5th 店面 Artist-in-Residence: Joy Mao

2021-2022

During her artist residency at W.O.W. from February-July 2021, Joy Mao created a special 百家衣 Bai Jia Yi in collaboration with the Chinatown community. She collected fabric remnants from the community’s past and present garment workers,  and assembled them into a special 百家衣 Bai Jia Yi alongside garment industry veterans—May Ying Chen, Alice Ip, and Lorraine Lum.  

From January 2022-July 2022, Joy returned to The W.O.W. Project as Artist-in-Residence for a second year. Her project investigated how clothing-making can be a vessel for community care and culminated in the community co-creation of 八宝粥 Ba Bao Zhou, a capsule collection celebrating the everyday abundance of Chinatown.

Joy Mao is a Chinese American fashion designer and artist using clothing as a medium for examining how our clothes shape the way we understand ourselves, our relationships, and the ways we move through our worlds.
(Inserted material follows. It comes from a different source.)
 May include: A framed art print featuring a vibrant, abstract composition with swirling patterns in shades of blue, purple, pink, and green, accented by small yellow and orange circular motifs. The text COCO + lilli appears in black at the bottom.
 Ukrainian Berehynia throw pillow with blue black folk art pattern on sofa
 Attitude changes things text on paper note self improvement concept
She was the Artist in Residence at The W.O.W. Project from 2021-2022, and now works as a Teaching Artist on the Creatives Rebuild New York program while creating for her small batch fashion brand, joy mao.

Learn more about Joy's work ↗
Joy works with garment industry veterans May Chen and Alice Ip on the Bai Jia Yi. Joy's Bai Jia Yi centered the lived histories of Chinatown’s garment workers, and the process of listening, learning, and creating alongside one’s community. Fabrics for the garment were donated by May Ying Chen, collected from Chinatown’s past and present garment workers. Beads of Suzhou jade record locations of community members’ experiences in the garment industry: factories where they worked, community gathering spaces, and other places of significance.
百家衣 Bai Jia Yi

For the fifth 店面 Storefront Residency, W.O.W. called for individual artists or a pair of artistic collaborators to create a window display for the storefront at 26 Mott Street in honor of 清明 Qingming, tomb-sweeping day, centering the theme of grief and grieving. Guided by this theme, Joy developed Woven Narratives: Stitching for Healing, a workshop series which invited participants to invited to embroider a piece of a collaborative quilt. In this two-part workshop, participants learned and practiced basic hand-embroidery techniques as a method for welcoming space to reflect and honor the weight of grief felt during 2021.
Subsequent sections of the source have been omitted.